I wouldn’t know my father if he bumped into me on the street. Of course he’s been dead for forty years so the prospect of that actually happening is probably fairly slim. My mother on the other hand I would probably recognize, but I would initially think she looked like somebody else, an old movie actor perhaps, or an author whose picture I saw on the back cover of a book.
The thing is, no matter how much we may have loved, or perhaps even still love, these people, their memories fade.
There is a picture of my father in a round gold frame in my house in which he is sitting on steps, or a bench, or the bottom of a bleacher. His elbows rest on his knees, his hands hanging limply from his wrists. His back is arched and his gaze is focused on someone or something not in the picture. His hair is white, his shirt collar opened at the neck, It is spring, or summer.
I pass that picture at least once a day and once I day I ask myself, “Who is that man?”
My mother is less of a problem for a number of reasons, not the least of which is the fact that I actually knew my mother, not so my father, and see her in the face of my sister Pam. Indeed Pam is so much the apparent reincarnation of my mother that I sometimes have to stop myself from asking her what it’s like on the other side.

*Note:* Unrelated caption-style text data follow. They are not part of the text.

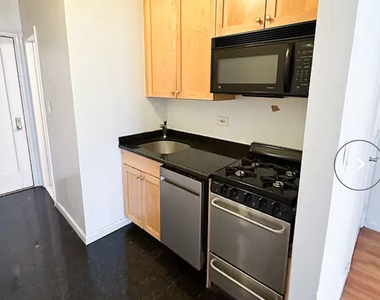 152 East 84th Street - Photo Thumbnail 2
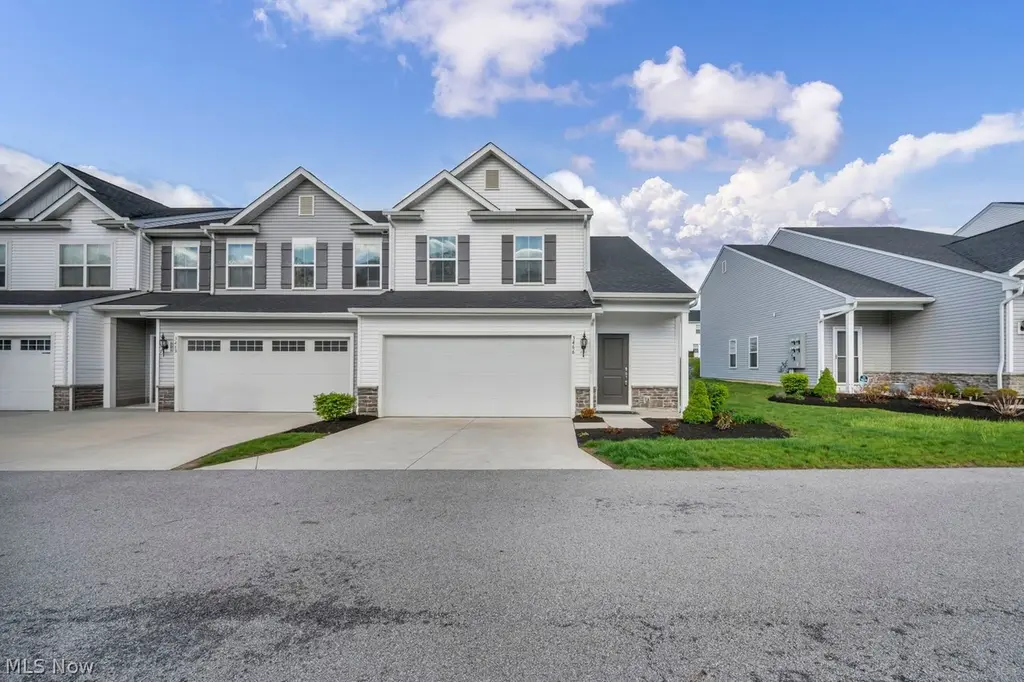 3466 Magnolia Ln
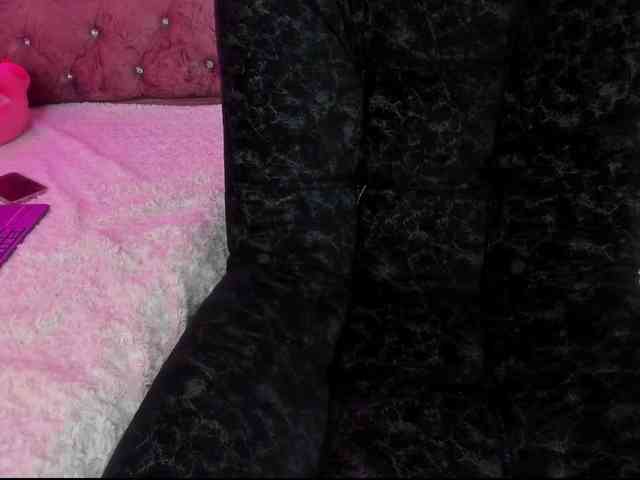 KloeFernandez webcam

Well, I guess that’s not really true, or not completely anyway. I’m never really tempted to ask if I have anything to look forward to or fear when I am sent on my merry way, but I am sometimes taken aback at how much my sister Pam does look like my mother.
It’s a funny thing I guess, funny in the way rocks are not, but what if the memories we have of the dearly departed are all that keeps their afterlife going, like fuel for a car. What if, as time passes, and our memories of them fade, they feel their substance (whatever that substance might be) dissipating, like a breath of air on a cold day?
I don’t know what this would mean, really. Maybe it would simply be a way to make room for new arrivals in the after life. Maybe that place, like this one, suffers, on occasion, from overpopulation. Maybe those who are brought back from apparent death, couldn’t cross over for the simple reason that there was no room, just yet, on the other side.
Of course this brings up an intriguing possibility. If we can’t move from here to there if there is no room there, and if there is no room there because memories are still strong here, the very proliferation of pictures and videos brought about because of digital technology may very well be our ticket to a very long life, and maybe even immortality.